StrEAT Food Awards interview

We chat to Robbie Lorraine, who won the Best Meat-Free Street Food Dish at the 2018 finals, about his new business, Only Food and Courses

You seem to have been busy since you won at the StrEAT Food Awards! What have you been up to?

Yes, that’s very true [laughs]! I’ve been extremely busy working on my new business. I moved on from Grazing at the end of 2019, as I was keen to start my own business and pursue one of my long-term goals of opening my own restaurant.

I worked on a couple of consultancy projects, doing menu development for a meal prep company in the early part of the year. However, I focused the majority of my time on building Only Food and Courses, which is a restaurant and pop-up events business that I launched earlier in the year.


Where did the concept for Only Food and Courses come from?

I moved to Kent in the latter part of 2018 and I wanted to get involved in the local cooking scene, so I decided to do a series of pop-ups in and around the local area. I didn’t feel confident that anyone would be interested in a chef coming down from London cooking tasting menus, so I decided to come up with something that would resonate with people.

I got in touch with a friend of mine who lives locally and had done a couple of pop-ups himself.

I always knew what I wanted the pop-ups to represent and what they were going to be in terms of food and service – essentially, a seven- to eight-course tasting menu offering good value for money. I also knew that I wanted a relaxed level of hospitality, with no airs and graces and a real sense of comfort and nostalgia.

After bouncing a few ideas about, we randomly ended up talking about Only Fools and Horses, and the more we discussed it, it began to remind me how much I loved the food of the 80s and 90s when it was at its peak. The show really resonated with what I wanted to incorporate into what I was doing with the pop-ups – in particular, the banter, hard work, fun, generosity of real people, positivity, love of family and friends and so on.


Doing the NPD must have been a lot of fun! Where did you take inspiration from and how did you settle on a menu?

Yeah, it’s been great fun, having the freedom to do my food in my way with no boundaries has been amazing! My dishes are inspired by food memories from my childhood and growing up in the 80s and 90s, which was a blast.


How has street food influenced how we eat now?

I believe the quality of street food has improved the food landscape massively over the last five years or so. It has completely broken the mould and has influenced us massively – even high-end restaurants take inspiration from street food nowadays.


You’ve moving into street food at Pop Brixton first. Will that give you an opportunity to test and refine the concept, or were there other reasons?

Absolutely, Pop Brixton is a great opportunity to showcase what our food is all about. It’s a fresh, modern look at dishes that we all know so well from the 80s and 90s, with a playful spin and an element of surprise. Pop is a fantastic urban location which is perfect to launch a first restaurant. 

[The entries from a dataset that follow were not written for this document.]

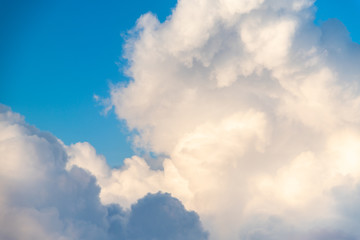 Colorful dramatic sky with clouds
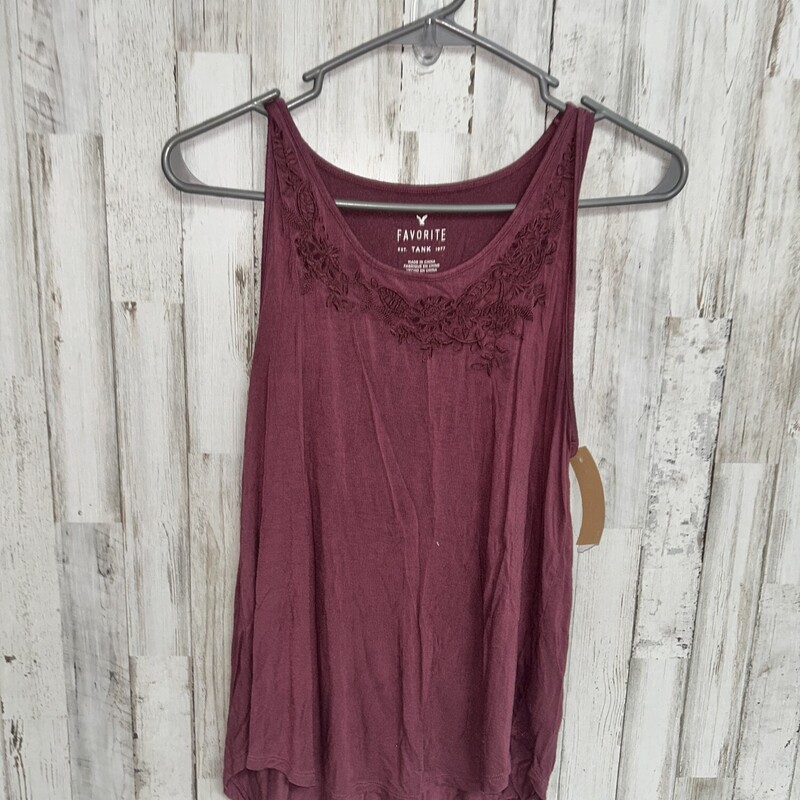 S Red Eyelit Tank, Red, Size: Ladies S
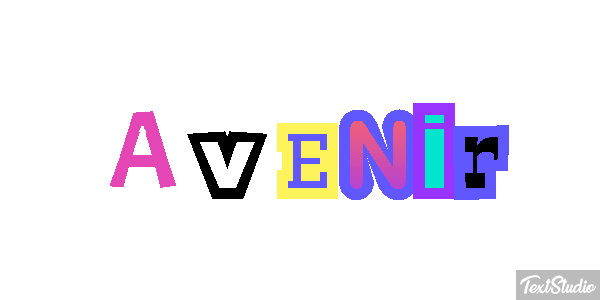 Avenir Effetto testo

What will the business ultimately evolve into?

We have big aspirations for the business. Firstly, we would like to establish a couple of fixed local restaurants across London and Kent, while also popping up in a few locations across the country. We also plan to roll out a line of meal kits with online cooking courses.


Do you have any other plans for the future?

We have loads of plans for the future… but I can’t reveal them now, so watch this space...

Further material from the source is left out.